What the exercise asks: Set down the whole listing verbatim.

Exercise material:
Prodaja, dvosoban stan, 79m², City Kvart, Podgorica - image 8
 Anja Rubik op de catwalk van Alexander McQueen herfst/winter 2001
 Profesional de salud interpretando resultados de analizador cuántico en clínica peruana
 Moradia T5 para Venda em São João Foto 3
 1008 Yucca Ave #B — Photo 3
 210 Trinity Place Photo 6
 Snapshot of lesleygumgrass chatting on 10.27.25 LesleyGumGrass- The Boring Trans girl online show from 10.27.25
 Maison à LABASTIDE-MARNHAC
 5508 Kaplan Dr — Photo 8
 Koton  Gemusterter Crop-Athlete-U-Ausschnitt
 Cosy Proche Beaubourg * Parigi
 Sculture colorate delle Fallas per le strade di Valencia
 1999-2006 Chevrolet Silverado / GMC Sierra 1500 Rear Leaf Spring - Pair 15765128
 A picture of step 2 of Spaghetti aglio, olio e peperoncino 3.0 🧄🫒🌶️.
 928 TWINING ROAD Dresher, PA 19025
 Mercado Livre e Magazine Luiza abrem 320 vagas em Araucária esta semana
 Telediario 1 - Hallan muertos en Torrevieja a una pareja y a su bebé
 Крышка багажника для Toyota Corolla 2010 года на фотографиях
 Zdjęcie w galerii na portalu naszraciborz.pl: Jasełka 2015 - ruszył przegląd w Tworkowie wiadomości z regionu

Response area:
Prodaja, dvosoban stan, 79m², City Kvart, Podgorica - image 8
 Anja Rubik op de catwalk van Alexander McQueen herfst/winter 2001
 Profesional de salud interpretando resultados de analizador cuántico en clínica peruana
 Moradia T5 para Venda em São João Foto 3
 1008 Yucca Ave #B — Photo 3
 210 Trinity Place Photo 6
 Snapshot of lesleygumgrass chatting on 10.27.25 LesleyGumGrass- The Boring Trans girl online show from 10.27.25
 Maison à LABASTIDE-MARNHAC
 5508 Kaplan Dr — Photo 8
 Koton  Gemusterter Crop-Athlete-U-Ausschnitt
 Cosy Proche Beaubourg * Parigi
 Sculture colorate delle Fallas per le strade di Valencia
 1999-2006 Chevrolet Silverado / GMC Sierra 1500 Rear Leaf Spring - Pair 15765128
 A picture of step 2 of Spaghetti aglio, olio e peperoncino 3.0 🧄🫒🌶️.
 928 TWINING ROAD Dresher, PA 19025
 Mercado Livre e Magazine Luiza abrem 320 vagas em Araucária esta semana
 Telediario 1 - Hallan muertos en Torrevieja a una pareja y a su bebé
 Крышка багажника для Toyota Corolla 2010 года на фотографиях
 Zdjęcie w galerii na portalu naszraciborz.pl: Jasełka 2015 - ruszył przegląd w Tworkowie wiadomości z regionu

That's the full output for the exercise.